Just what is reasonable? The CFTC appears to follow the SEC’s interpretation. “The CFTC will only require that CCOs under its jurisdiction make recommendations on how to prevent or correct the situation rather than having to ensure that business decisions were executed to resolve the conflicts,” says Shahmanesh. “The distinction allows the CCO to avoid having to spend extra time heavily enmeshed in day-to-day business line activities.”
What happens if a CCO must address any issues arising when a business line doesn’t follow the CFTC’s rules? Obviously, the CCO must have established procedures. The question then becomes how far up the reporting chain does the CCO have to go to win approval for those policies so it can implement them. “The CFTC’s proposal follows the SEC’s rule in removing the requirement for the CCO to consult with the board of directors or senior officer,” explains Hammar. “Instead, the CCO can consult with business lines, senior management, the board and independent review groups, as appropriate in resolving compliance issues.” Such flexibility would allow the CCO to more quickly resolve potential problems rather than wait for senior level approval.

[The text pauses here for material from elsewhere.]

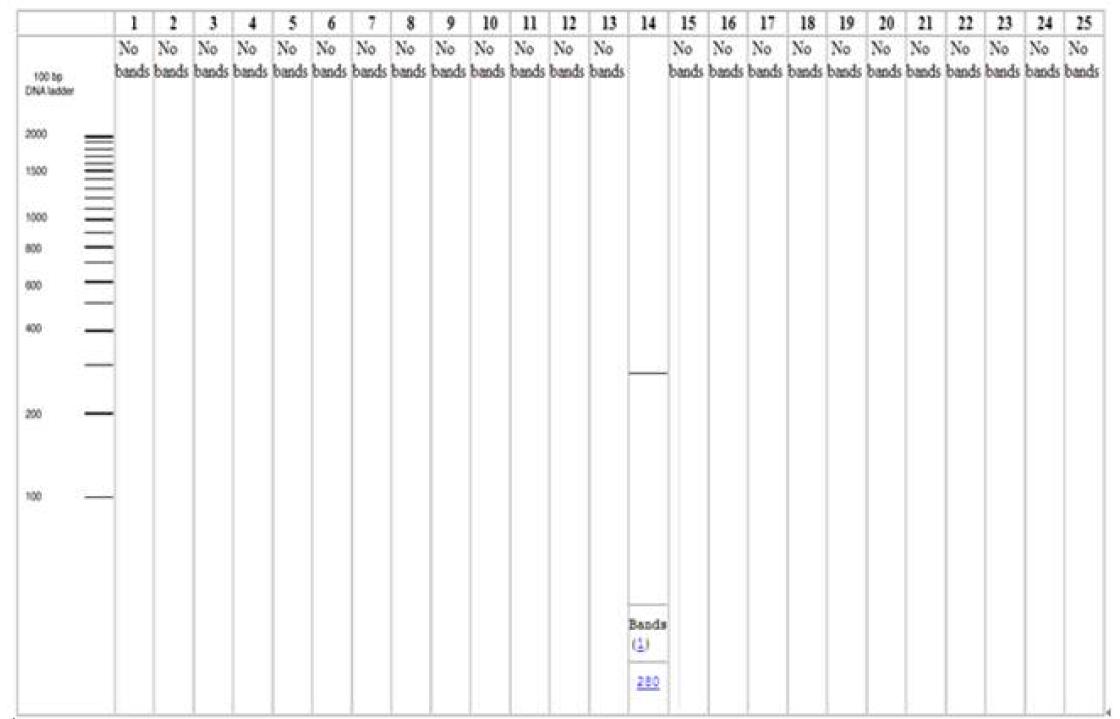 in silico PCR amplification results for primers motB3F and motB3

Last but not least, the CFTC has simplified the part of the job CCOs dread the most: regulatory reporting. CCOs have to prepare and file annual reports with the CFTC and the SEC. The more a CCO has to explain, the more time it will take to write the annual report. The CFTC has proposed to remove the need for CCOs to identify and assess the policies and procedures for each applicable CFTC requirement. Instead, CCOs registered with the CFTC would, like their peers registered with the SEC, only have to provide summaries of the policies and procedures established along with recommended improvements.
Also keeping in line with the SEC’s rules, the CFTC has proposed that the annual report completed by CCOs under its jurisdiction be sent to the firm’s audit committee, board of directors and senior officer before being sent to the CFTC. The reason? The CFTC shares the SEC’s view that furnishing the annual report to extra individuals ensures that all parties with overall responsibility for corporate governance and internal controls remain informed of the CFTC registrant’s compliance program.
Although the CFTC’s amendments aren’t expected to generate any opposition from industry players who lobbied the regulatory agency for change, one question remains. That is whether the definition of senior officer is the right one for reporting purposes.
Nihal Patel, an attorney with the law firm of Cadwalader, Wickersham & Taft in New York, suggests that the CFTC’s interpretation of the phrase “senior officer” be flexible. “In particular, consider a large and/or global bank that is registered as a swap dealer,” he says. “Is it correct that the CCO should report to the most senior person of the entire bank rather than the most senior person of the FCM,swap dealer or MSP business, particularly when such activities may be a relatively small part of the business of the legal entity.” As Patel notes, other language in the CFTC’s proposal also make it clear that the actual responsibilities of the CCO under its jurisdiction relate to complying with the rules of the FCM, swap dealer and MSP businesses of the firm and not all of the bank’s business lines.